O banco de investimento do BPI diz ainda que a Impresa tem capacidade financeira para realizar este negócio recorrendo apenas a dívida bancária. No final deste ano, considerando que a Impresa comprava a posição por 168 milhões de euros, a dívida da companhia subiria para 260 milhões de euros.

BCP diz que Impresa pode ter de pagar 205 milhões por 49% da SIC

O Millennium BCP Investimento avalia a SIC em 523 milhões de euros, pelo que «para a Impresa adquirir os remanescentes 49% que não detém (41% do BPI e os restantes minoritários, assumindo que também serão também irão vender neste deal), assumindo um desconto de 20% face à nossa avaliação por ser um ‘stake’ minoritário, a Impresa teria que despender cerca de 205 milhões de euros».

Caso este cenário se concretize, o BCP diz que o impacto positivo para as acções da Impresa é de 0,61 euros, ou 13,5%.

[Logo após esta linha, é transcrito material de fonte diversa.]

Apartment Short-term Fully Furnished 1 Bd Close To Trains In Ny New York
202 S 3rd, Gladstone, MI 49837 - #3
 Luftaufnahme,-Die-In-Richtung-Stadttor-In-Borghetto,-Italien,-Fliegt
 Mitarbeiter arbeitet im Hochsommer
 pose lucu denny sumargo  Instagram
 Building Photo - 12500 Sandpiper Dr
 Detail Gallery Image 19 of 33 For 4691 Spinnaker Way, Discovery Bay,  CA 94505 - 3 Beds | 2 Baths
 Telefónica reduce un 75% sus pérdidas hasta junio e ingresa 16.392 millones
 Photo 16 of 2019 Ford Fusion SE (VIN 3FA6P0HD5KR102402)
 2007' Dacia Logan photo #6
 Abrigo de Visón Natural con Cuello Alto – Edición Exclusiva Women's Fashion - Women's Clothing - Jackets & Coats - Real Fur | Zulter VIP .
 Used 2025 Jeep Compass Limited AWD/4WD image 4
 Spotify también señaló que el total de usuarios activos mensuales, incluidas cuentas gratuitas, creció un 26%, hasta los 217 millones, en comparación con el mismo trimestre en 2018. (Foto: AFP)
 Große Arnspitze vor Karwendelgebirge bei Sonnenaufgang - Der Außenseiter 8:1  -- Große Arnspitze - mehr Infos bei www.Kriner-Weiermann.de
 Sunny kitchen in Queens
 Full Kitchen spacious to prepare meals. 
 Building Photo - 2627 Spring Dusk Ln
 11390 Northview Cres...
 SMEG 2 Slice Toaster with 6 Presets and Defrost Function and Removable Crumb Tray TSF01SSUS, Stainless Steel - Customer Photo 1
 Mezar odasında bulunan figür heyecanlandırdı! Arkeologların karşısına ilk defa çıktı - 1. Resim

«Poderiam ser traçados outros cenários, mas de qualquer forma parece-nos que poderá ser sempre positivo para a empresa de Pinto Balsemão», refere o BPI.

Já para o BPI, «este deal também deverá ser potencialmente positivo, pois alivia os rácios de capital (no mínimo em 70bp), reduz a exposição ao mercado de capitais e desfaz uma posição ilíquida», diz a mesma fonte.

A Espírito Santo Research avalia a SIC em 556 milhões de euros, enquanto para a UBS diz que a estação de televisão vale 619 milhões de euros, considerando a avaliação dos 51% detidos pela Impresa.